Traduit de l’anglais (Austra­lie) par Fran­çoise Rose.

Ce roman a le grand mérite de tenir la distance Saint-Malo/­Pa­ris. Il a, de plus, beau­coup plu à la petite souris jaune. Moins à moi, mais je suis toujours réti­cente aux histoires d’animaux et celle-là même si elle est très belle est parti­cu­liè­re­ment invrai­sem­blable. On peut aimer pour le dépay­se­ment afri­cain , pour l’amour des lions, et la beauté de notre planète qui est de moins en moins sauvage et de plus en plus tris­te­ment humaine. J’apprécie tous ces thèmes mais qu’une lionne veuille et sache sauver la vie d’une petite fille de 7 ans cela me semble tota­le­ment invrai­sem­blable. Autant que l’attachement subit et fort de la cher­cheuse quadra­gé­naire pour cette enfant. Le happy end n’est pas de trop, il est à l’image du livre « à l’eau de rose » de la savane. Et pour­tant, malgré tous ces défauts, l’auteure a su m’emporter dans l’Afrique dure et superbe des grands espaces. Dans le genre « le lion » de Kessel est plus réaliste, peut être démodé, je ne sais pas, je ne l’ai relu depuis si long­temps. La souris jaune vous promet­tait une lecture d’été et je rajou­te­rai si vous aimez les lectures d’adolescents défen­seurs de la planète.

Citations

Genre d’images qui créent un ailleurs

Quand le soleil attei­gnit l’horizon, il se répan­dit sur la plaine. Angel retint son souffle. Majes­tueu­se­ment et immo­bile, la lionne se décou­pait sur le ciel nimbée d’une lumière dorée, telle une créa­ture de feu.

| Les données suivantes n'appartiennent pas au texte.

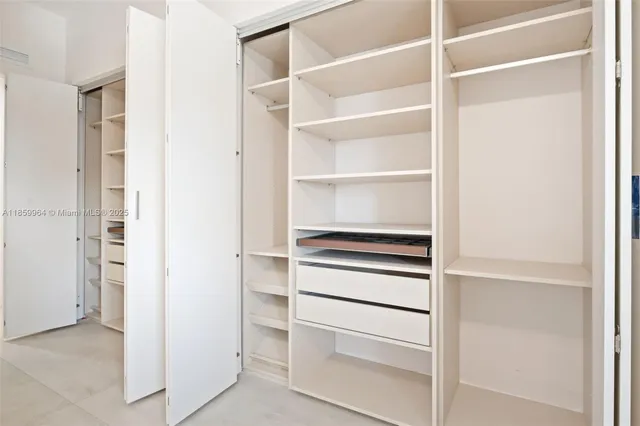 a bathroom with a shower a sink and a toilet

La psychologie de magazine féminin

Et si cela n’avait rien à voir avec son appa­rence ou son carac­tère ? Si c’était plutôt elle qui avait toujours choisi de vivre avec des gens qui l’abandonnaient constam­ment ? Si elle avait incons­ciem­ment cher­ché à repro­duire la rela­tion qu’elle avait eue avec sa mère, traî­nant ce schéma derrière elle depuis des années, comme une malé­dic­tion ?

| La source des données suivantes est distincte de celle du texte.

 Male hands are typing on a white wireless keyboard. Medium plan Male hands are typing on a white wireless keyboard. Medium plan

16 Thoughts on “La Lionne – Katherine SCHOLES

  1. LSJ on 25 août 2017 at 09:26 said:

    Oh, j’aime bien l’idée qu’elle t’ait accom­pa­gnée pour un voyage en train :) Je sais, que c’est complè­te­ment irréa­liste, bien sûr, mais moi j’avoue que ça ne m’a pas gêné du tout, j’ai plongé dans cette histoire au coeur de la savane… M’enfin, trois coquillages, La Lionne ne s’en sort pas si mal, eh ! Bises, Luocine. La Souris Jaune.

  2. Pas tentée du tout… Heureu­se­ment, parce que j’ai plein plein de livres qui m’attendent !

  3. Pas de vraie tenta­tion chez toi aujourd’hui, ma PAL te remer­cie :-)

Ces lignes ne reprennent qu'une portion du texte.